The Miami Herald used what many are calling a "misleading" headline on an article about COVID-19 deaths in Florida, which garnered thousands of clicks and shares from detractors of Gov. Ron DeSantis.

The Miami Herald published an article with the headline: "Florida COVID update: 901 added deaths, largest single-day increase in pandemic history."

The headline caused a stir because the deadliest day for the entire United States during the pandemic was on Jan. 7 with 4,489 new coronavirus deaths, according to Worldometer. However, the headline didn't reveal the entire story about the 901 COVID-19 newly reported deaths in Florida.

The headline was also utilized by critics of DeSantis, the Republican governor who bucked many coronavirus policies and stances embraced by Democrats. The article was shared on Twitter by MSNBC personalities, Lincoln Project employees, and liberals.

Leftists even compared the disingenuous COVID-19 framing to the U.S. service members who died in the terrorist attacks in Afghanistan. Other Twitter users weaponized the headline to attack DeSantis.

The article received massive exposure and thousands of "likes" by being shared on social media.









The South Florida Sun Sentinel also used a questionable headline, claiming that there were "901 new deaths," instead of specifically saying "newly reported deaths."

Florida did not encounter 901 COVID-19 deaths in one single day, but over the course of weeks.

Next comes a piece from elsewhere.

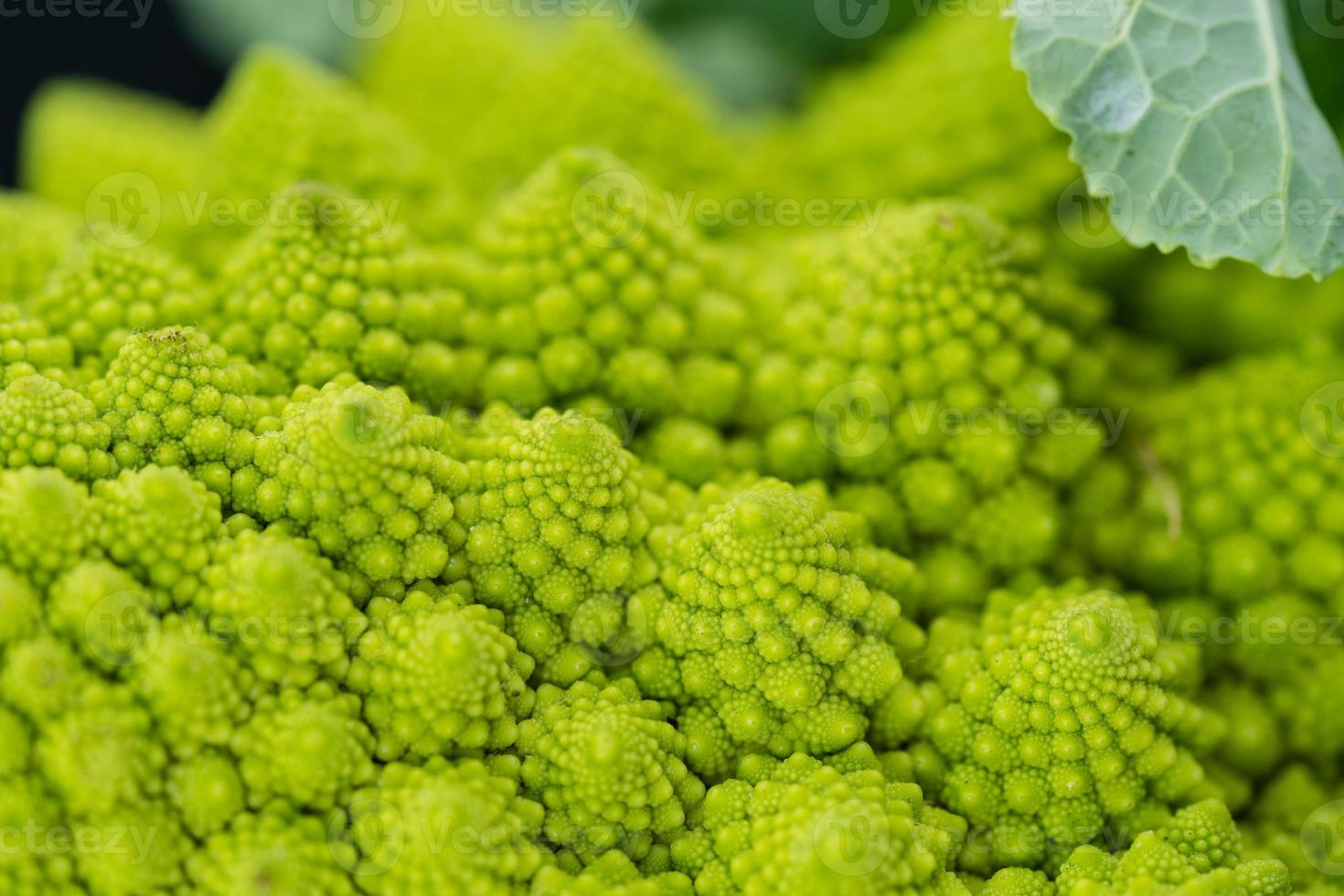 romanesco de italiaanse groene bloemkool foto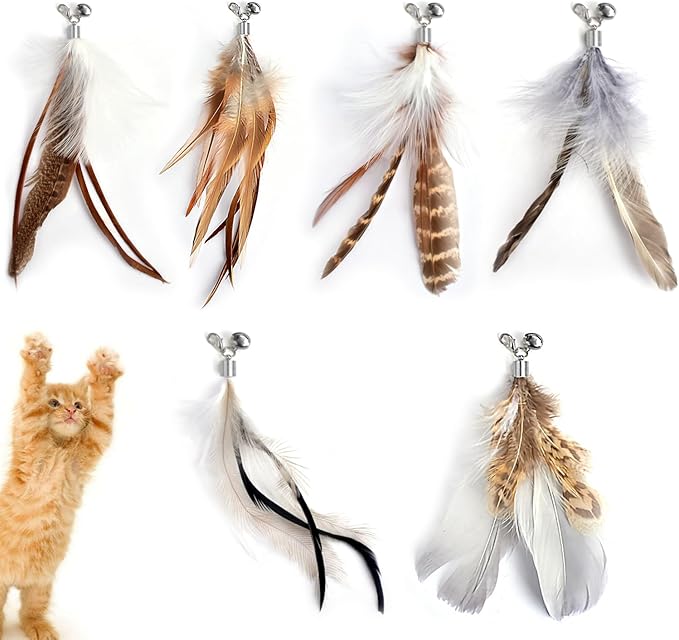 Cat Feather Toys Refills Cat Wand Replacement Feathers 6 PCS Handmade Cat Toy Feather Refills for Cat Wand Attachments Interactive Feather Cat Toy for Indoor Cats-PawvioPets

"Florida on Thursday reported 21,765 more COVID-19 cases and 901 deaths to the Centers for Disease Control and Prevention, according to Miami Herald calculations of CDC data," the Miami Herald wrote in its article. "All but two of the newly reported deaths occurred after July 25, with about 78% of those people dying in the past two weeks, according to Herald calculations of data published by the CDC. The majority of deaths happened during Florida's latest surge in COVID-19 cases, fueled by the delta variant."

The day the Miami Herald article was published, there were eight COVID-19 deaths reported in Florida and the 7-day moving average was 53 deaths, according to Worldometer. The most coronavirus deaths in Florida for one day is 242 on Aug. 5, 2020.

Devoun Cetoute, the Miami Herald reporter who wrote the story, reacted to the backlash.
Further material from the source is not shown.